I like Teradata's "one data warehouse" concept, with all the disaggregated data in a normalised store. I like the way it separates the logical views of the data (including the semantic view) from underlying physical database.

And, I think I even understand the use of hashing rather than indexing to get at the stored data and why it is faster (basically, you hash the key to get a unique location on disk, which is a bit less efficient than just adding it in the next available space in an indexed database, but thereafter you can go straight to the data without any indexing overheads) – because that is how IBM's IMS HDAM databases work (albeit IMS is optimised for transaction processing rather than retrieval).

Teradata chooses to market to the largest companies in any space, so its installations are usually big and expensive, but it can scale down – in Finland, for example, it might have customers with comparatively small data warehouses, because there aren't that many people in Finland.

There is also a flourishing developer community and I hope to explore this more in the future. Could there be advantages for a developer moving into a comparatively specialised space such as Teradata application development?
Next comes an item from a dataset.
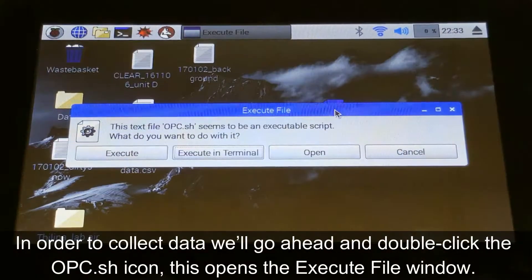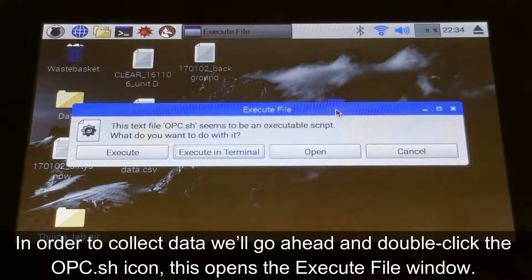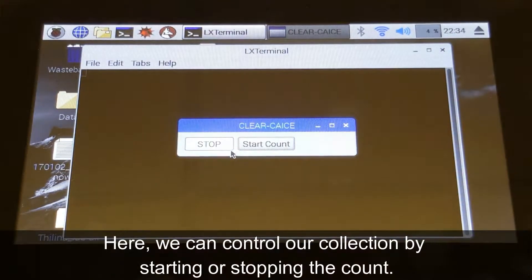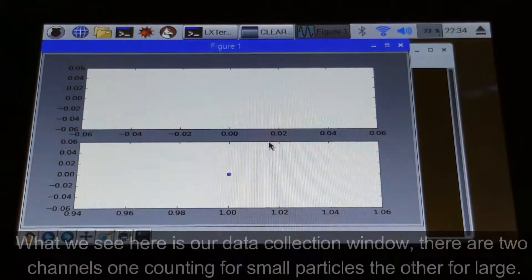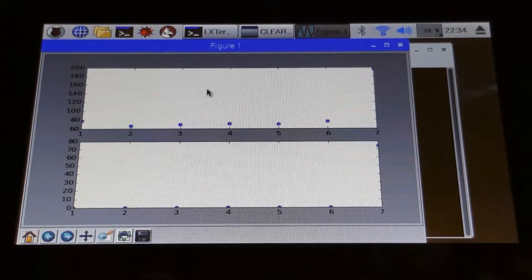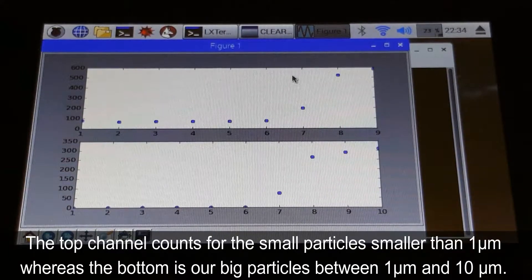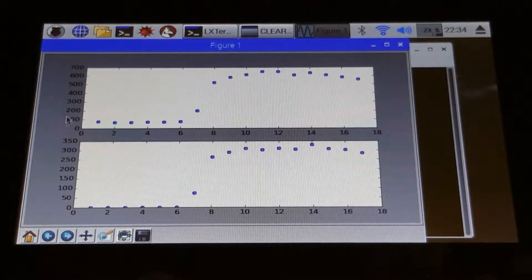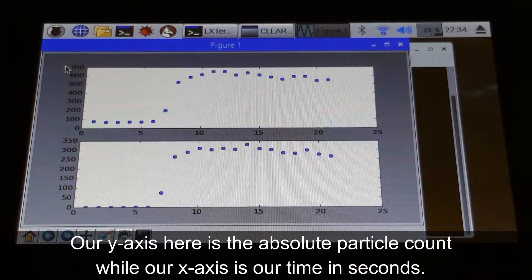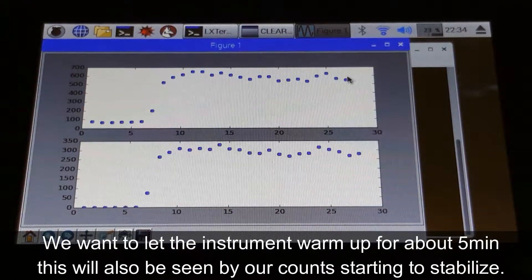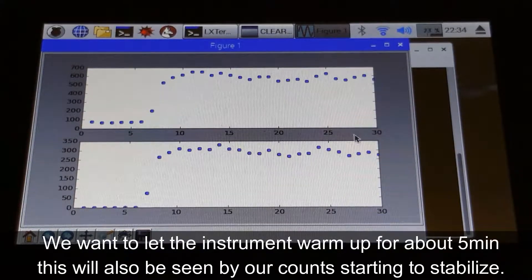In order to collect data, we'll go ahead and double click the opc.sh icon. This opens the execute file window. We'll want to execute in terminal. Here we can control our collection by starting or stopping the count. What we see here is our data collection window. There are two channels: one counting for small particles, the other for large. The top channel counts for those small particles smaller than one micron, whereas the bottom is our big particles between one and ten microns. The y-axis is absolute particle count, while our x-axis is time in seconds. We want to let the instrument warm up for about five minutes, which will also be seen by our counts starting to stabilize.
The general theme of the conference is "embracing active enterprise intelligence" - and an excellent point was made that fact-based decision-making often needs near-real-time information and that the real metric for any data warehouse is the active use of its data to make decisions

An interesting announcement at the conference was "multi temperature" data warehousing – automatic management of "hot" (frequently accessed) data and "cold" (less accessed) data in the same warehouse, with management in logical (SLA) terms instead of physical terms.

So, the data you need for near-real-time operational decisions) might be on expensive "enterprise quality" disks and the stuff kept just for contingency regulatory reports on something more commodity level – and this would be transparent to the data users/owners who just specify the appropriate service level. This doesn't handle migration to archive/backup yet, but it might in the future.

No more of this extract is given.